By the time Nick found this bio at that obscure site (via Google probably, yes, Nick?) it was already mid-2005 — long after this “War on Terrorism” had become a household word, and any mention of ‘Uzbek’ or ‘Uzbekistan’ would get people to automatically assume you’re somehow associated with the CIA or something…

But I’m no CIA. Let’s try to put things in perspective here: when I first started studying Uzbek, back in year 2000, these were the typical response I’d get from people:

  • “So you’re learning Uzbek? How nice. Is that a drum or a wind instrument?”
    (Answer: Neither — you are thinking of duduk, an Armenian flute, and dumbek, a Middle Eastern drum.)
     
  • “Uzbek? Is it kind of like Raku?”
    (Answer: No, Uzbek is not a pottery making process. I know, we potters are always taking up exotic processes from exotic places with exotic names… but this is not one of them.)

This CIA association in popular perception was a much later, post-9/11 development. Remember the Northern Alliance (of Afghanistan), which consists of ethnic Tajiks and ethnic Uzbeks? I’d bet that’s what got most people thinking CIA and Special Forces when they heard the word ‘Uzbek’ — which of course I have absolutely nothing to do with whatsoever…

Okay, in all fairness, this is not a bad little bio as long as it has the right timestamp of August 2001. But let’s add a couple more updates so it would be more current (now that we are already in August 2006):

  • My linguistic career is now kind of on hold for a variety of reasons, some of which I may get to write about here some other time. Stay tuned…
     
  • I have returned once again to making art — yeah, even potentially Art with the capital ‘A’, i.e. the museum and gallery kind… Not sure they’d want me back, though — see this article and look for my name in the second to last paragraph. ;-)
     
  • I never did get to study Arabic.

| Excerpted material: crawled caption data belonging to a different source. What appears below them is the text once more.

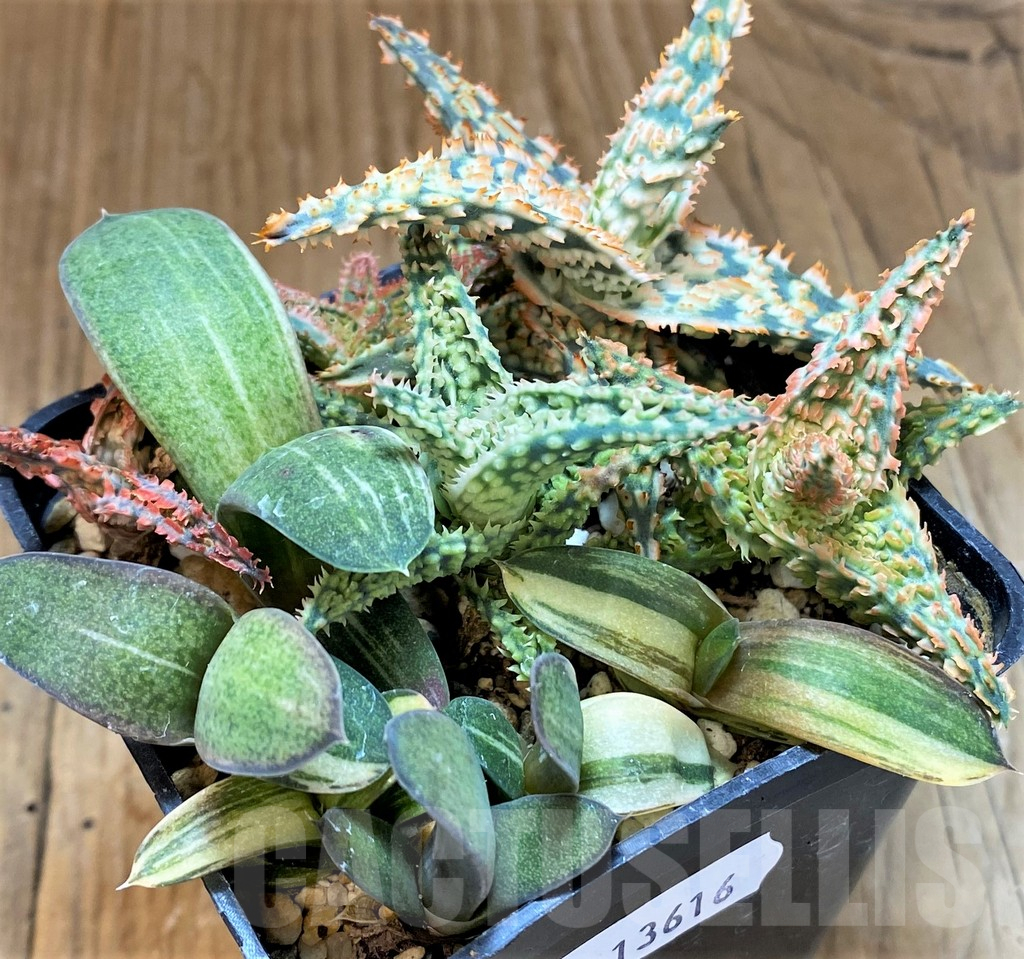 SH13616 Aloe TCT hybrid, Gasteria mix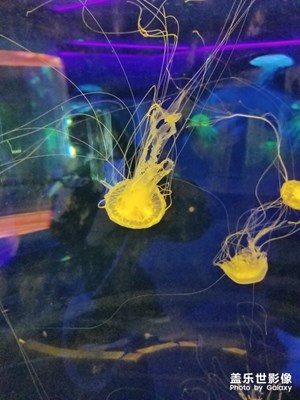 【花樣過大年】+海之語水族館。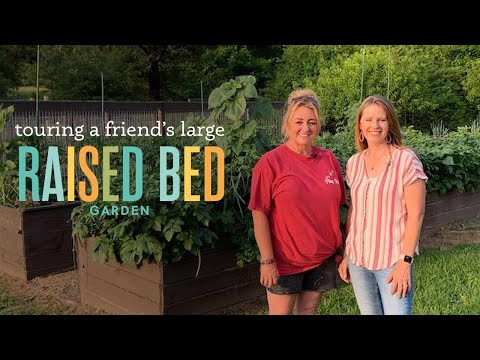 Touring a Friend's Beautiful Large Raised Bed Garden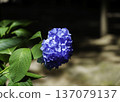 Blue hydrangea 137079137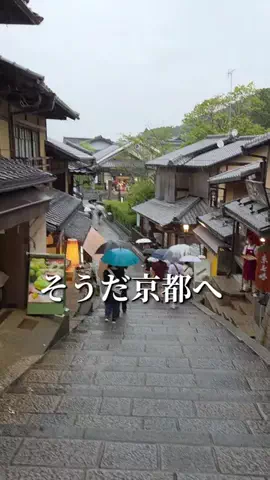 トータスのTikTok投稿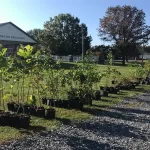Master Watershed Stewards Host Native Tree and Shrub Fundraiser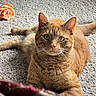 Georgie joined the competition — help win amazing prizes! cat, orange_tabby, carpet, flower, indoor, pet, animal, feline, relaxed, alert, whiskers, ears, fur, closeup, texture, domestic_cat, laying, green_eyes, nose, soft_light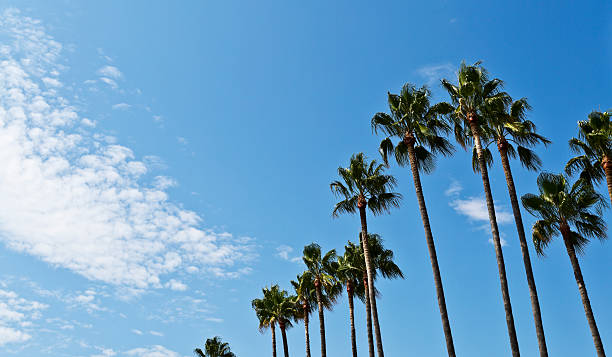 tall palm trees against a partially cloudy sky - cannes 個照片及圖片檔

After 9/11 all the first year Arabic classes at U.W. were overfilled with regular undergrads, with no room left for me, a non-matriculated part-timer. Instead, I continued some more with Uzbek (which also briefly saw its enrollment rise), and then did half a year of Finnish, because I was collaborating on a project with a Finnish linguist — now that’s a reallly, really different and truly fascinating language!
     
  • The Cossack dancing clip — I’ve changed web hosting service, so the clip is not there anymore. I’ll see if I can dig out the original, and then convert and upload it to my YouTube account, even though these days I tend to spend much of my time doing Greek and Balkan folkdances instead.